Finding when a file was added to Git and when it was last changed
26 Jul 2016I recently built a visualisation of all Django migrations in a project and the dependencies between them. I was most interested in recent migrations, and in particular if a migration had been changed after it had been deployed. So adding the tag a migration was introduced in (and the tag it was last modified in) seemed like a good idea.
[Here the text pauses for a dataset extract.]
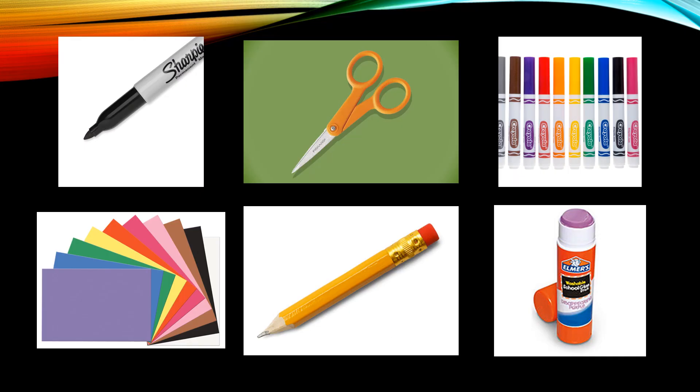So what we're going to need is your supplies. You're going to need a black Sharpie, your scissors, your Crayola markers, and construction paper. Here are the colors you need — go get your blue and your red. We're also going to need a pencil and your Elmer's glue stick.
My first attempt was to query each migration with git log
with a diff filter to find out when it was added. Then I could use git tag
to see which tags it was in:
$ git log --format="format:%H" --follow --diff-filter=A touchdown/core/adapters.py
184d8e88017726e695ee9cb22e428b667f6d22de
$ git tag --contains 184d8e88017726e695ee9cb22e428b667f6d22de
0.0.1
0.0.10
0.0.11
0.0.12
0.0.13
0.0.14
<snip>
This was slow. I was traversing the same log again and again 100’s of times. So for version 2 I traverse the log in tag order just once.. What changed between 0.0.1 and 0.0.2? What changed between 0.0.2 and 0.0.3?. If it’s changed and i’ve never seen it before then it must be a new file. The new version is much faster.
import subprocess
from distutils.version import StrictVersion
# Finds the root commit of the repository
tags = [
subprocess.check_output([
"git", "rev-list", "--max-parents=0", "HEAD"
]).strip()
]
# Every tag in order
tags.extend(
sorted(
subprocess.check_output(["git", "tag", "-l"]).split(),
key=StrictVersion,
),
)
added = {}
changed = {}
for left, right in zip(tags, tags[1:]):
files = set(subprocess.check_output([
"git",
"show",
"{}...{}".format(left, right),
"--no-commit-id",
"-r",
"--name-only",
"--format=format:",
]).strip().split())
for file in files:
if file not in added:
added[file] = right
changed[file] = right
for file, version in added.items():
print file, version, changed[file]
One additional changed I could make is to remove files from added
and changed
if they aren’t in git ls-files {tag}
.